Exercise instructions:
Only the line containing "Aerial view of" and the lines after it, through the end of the entries, should be output exactly.

Information:
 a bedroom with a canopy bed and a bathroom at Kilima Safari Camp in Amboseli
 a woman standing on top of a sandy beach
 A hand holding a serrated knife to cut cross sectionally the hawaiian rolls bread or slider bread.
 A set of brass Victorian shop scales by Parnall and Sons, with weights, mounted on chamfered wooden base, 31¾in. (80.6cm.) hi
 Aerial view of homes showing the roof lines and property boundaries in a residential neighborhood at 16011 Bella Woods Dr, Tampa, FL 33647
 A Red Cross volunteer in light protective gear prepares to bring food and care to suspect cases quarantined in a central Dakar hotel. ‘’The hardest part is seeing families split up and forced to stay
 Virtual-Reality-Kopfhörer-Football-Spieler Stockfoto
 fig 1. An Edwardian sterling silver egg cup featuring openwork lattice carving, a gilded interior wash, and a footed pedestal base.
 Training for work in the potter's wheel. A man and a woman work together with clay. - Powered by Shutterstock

Task solution:
 Aerial view of homes showing the roof lines and property boundaries in a residential neighborhood at 16011 Bella Woods Dr, Tampa, FL 33647
 A Red Cross volunteer in light protective gear prepares to bring food and care to suspect cases quarantined in a central Dakar hotel. ‘’The hardest part is seeing families split up and forced to stay
 Virtual-Reality-Kopfhörer-Football-Spieler Stockfoto
 fig 1. An Edwardian sterling silver egg cup featuring openwork lattice carving, a gilded interior wash, and a footed pedestal base.
 Training for work in the potter's wheel. A man and a woman work together with clay. - Powered by Shutterstock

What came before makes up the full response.